The response must consist of the lines below from the one with "Kitchen - 2808" through the one with "bandera Sin alterar", exactly as they appear and with both ends kept.

» **DATASET**:
______
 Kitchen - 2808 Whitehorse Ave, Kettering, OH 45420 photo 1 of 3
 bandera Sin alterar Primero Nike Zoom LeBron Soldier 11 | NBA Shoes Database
______
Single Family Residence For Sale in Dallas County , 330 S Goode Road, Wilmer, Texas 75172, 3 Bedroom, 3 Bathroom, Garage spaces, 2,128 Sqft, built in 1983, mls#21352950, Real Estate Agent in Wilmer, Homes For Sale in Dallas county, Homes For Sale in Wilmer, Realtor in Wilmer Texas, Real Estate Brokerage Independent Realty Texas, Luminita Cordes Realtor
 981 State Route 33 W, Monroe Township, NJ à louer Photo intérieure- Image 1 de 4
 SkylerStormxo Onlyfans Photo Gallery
______
» **ANSWER TO THIS TASK**:
 Kitchen - 2808 Whitehorse Ave, Kettering, OH 45420 photo 1 of 3
 bandera Sin alterar Primero Nike Zoom LeBron Soldier 11 | NBA Shoes Database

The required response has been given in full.